Em agosto de 94, o deputado federal Domingos Dutra (PT-MA), na época exercendo o mandato de deputado estadual, fez outra tentativa, apresentando uma emenda para garantir a pensão exigida pelas viúvas. Dutra argumentava que o Estado sempre esteve envolvido nos conflitos de terra, de forma direta ou indireta, através da participação das polícias civil e militar nas prisões, torturas e assassinatos de trabalhadores rurais. A emenda era bem fundamentada, mas foi rejeitada.

No mesmo período, numa visita à Procuradoria Geral de Justiça, em Brasília, as viúvas solicitaram a reabertura de todos os processos criminais. A Procuradoria pediu, então, que fosse apresentada uma relação com os nomes das vítimas e prometeu agir imediatamente. Até hoje, nada foi feito. Os assassinos continuam livres, e a responsabilidade do Estado nos crimes, sem apuração.


Campeão da violência


Enquanto isso, a tensão no campo permanece.
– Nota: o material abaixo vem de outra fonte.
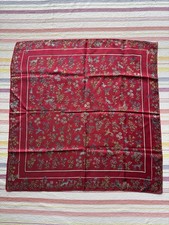 Vintage Liberty of London Floral Animal Pattern 100 Silk Square Scarf 23  x 23  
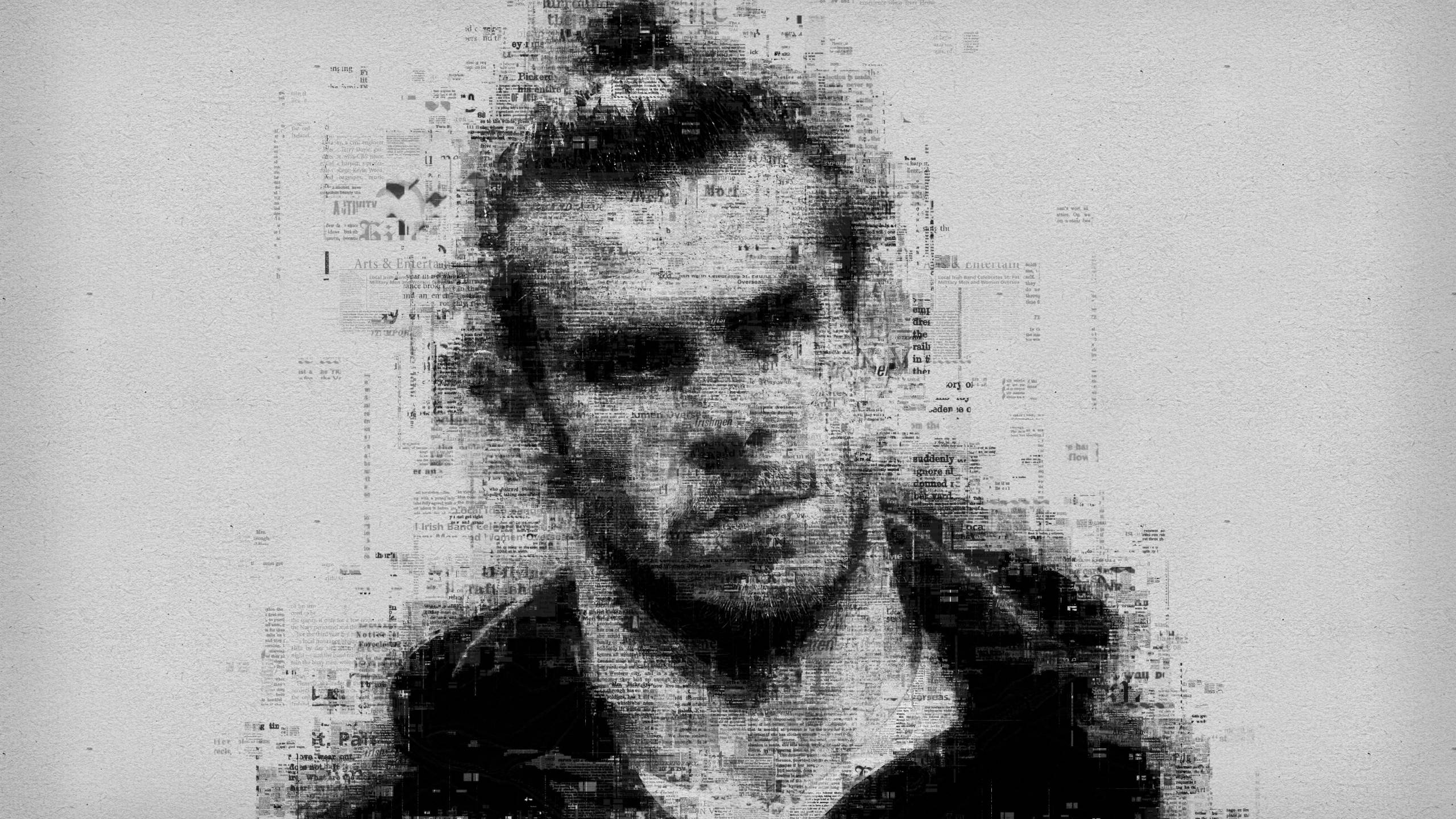Gareth Bale, monochrome portrait, fragmented newspaper text, 2K Desktop Wallpaper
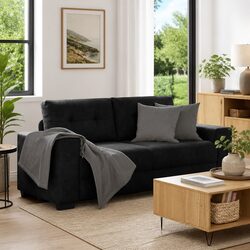 Comfortable Black Velvet Loveseat Sofa with Quality Design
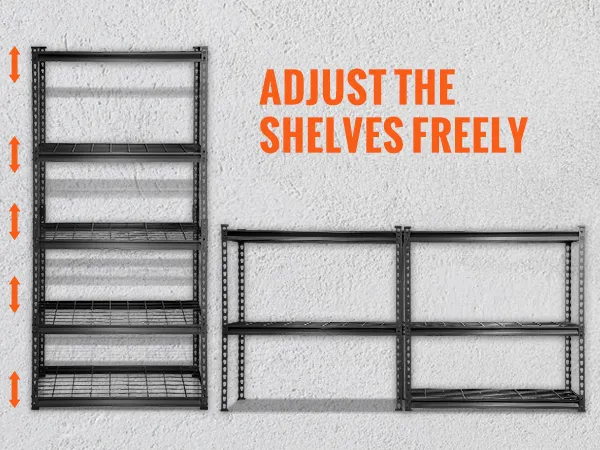 Estantes de garaje resistentes VEVOR con alturas ajustables para diversas necesidades de almacenamiento.
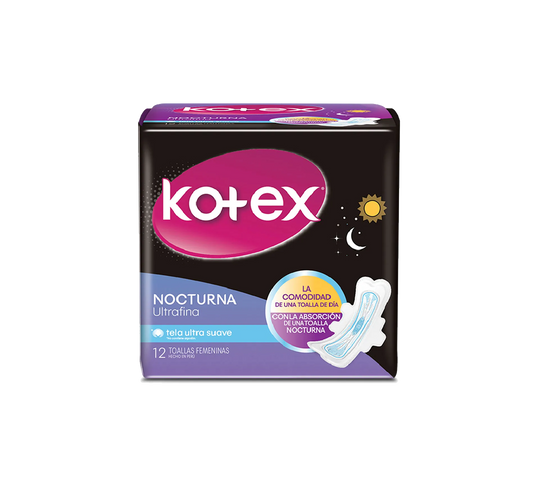 Kotex Toalla Nocturna Ultrafina con Alas - 12 Uds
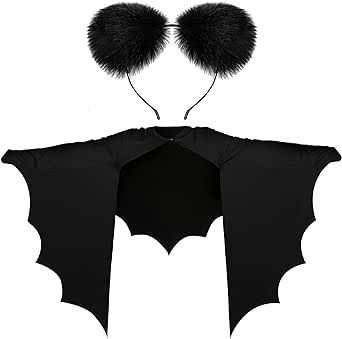 2 Pcs Halloween Bat Costume Accessories Black Bat Sleeve Wings Bat Shrug and Plush Bat Ear Headband for Halloween Dress Up Womens Bat Costume, Halloween Bat Costume, Kiss Costume, Bat Costume, Matching Halloween, Cute Bat, Wings Costume, Halloween Costume Accessories, Halloween Bat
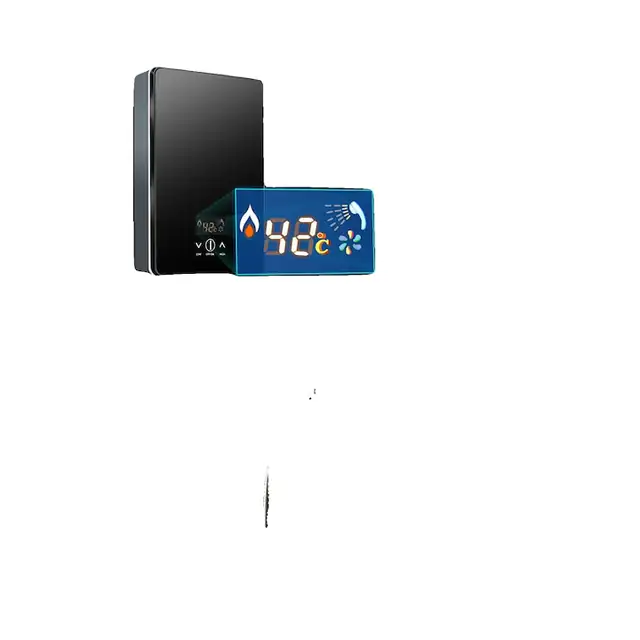 Boiler electric, design compact, temperatura ajustabila, negru, 29.5x18.5x6.5cm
Em seus relatórios, a Comissão Pastoral da Terra do Maranhão aponta números que preocupam. Só nos últimos dois anos foram registrados 48 conflitos, com dez assassinatos.

São conflitos sangrentos, cuja causa principal é a expansão do latifúndio, que hoje detém quase 80% dos 32 milhões de hectares de terra do Estado. Não é por acaso que o Maranhão é um dos "campeões da violência no campo", junto com o Pará e a Bahia.

A conclusão é da Comissão Parlamentar de Inquérito sobre a violência no campo, de 1992. Uma outra conclusão: "O Estado do Maranhão, de forma ativa e passiva, tem contribuído no processo de concentração fundiária e de violência contra os lavradores".

Feita a denúncia, tudo permanece como antes. A impunidade não conhece limites, e a pistolagem campeia solta.

Corajosas, as viúvas não desistem. Têm força e têm esperança. E sabem que têm muito trabalho pela frente.


"Fiquei enterrada
  naquele sangue"


Aldenora Mendes da Silva, Lora, como é conhecida, mora num local de difícil acesso, o Centro dos Cabecinhas, mas suas histórias correm léguas. Ela lidera a comunidade de doze famílias do povoado onde há dez anos vive com seus nove filhos. Em 1984, uma manhã de domingo marcaria para sempre sua vida.

Nesse dia, presenciou o assassinato de seu pai, Julião Pinto de Souza, e do marido, Bento Alves de Lima. Tentando conter uma lágrima, relata:

"Eu fiquei com o Bento nos meus braços. Ele derramou muito sangue na minha cara, nos meus braços. Levei foi dias com o sangue no meu corpo, nas unhas. Fiquei mesmo foi enterrada naquele sangue".

Gorcino Gabriel Ramos, fazendeiro que tentava expulsar cinqüenta famílias do povoado, foi o autor dos disparos. A Justiça nunca o localizou, apesar de Lora saber enumerar cada passo de sua fuga após o crime, bem como o seu paradeiro atual.

Uma das mais combativas do movimento das viúvas, Aldenora revela que aprendeu bastante nesses anos. "O que é o poder, por exemplo. E que nós precisamos lutar para conseguir ser iguais aos outros." – Márcia Alves.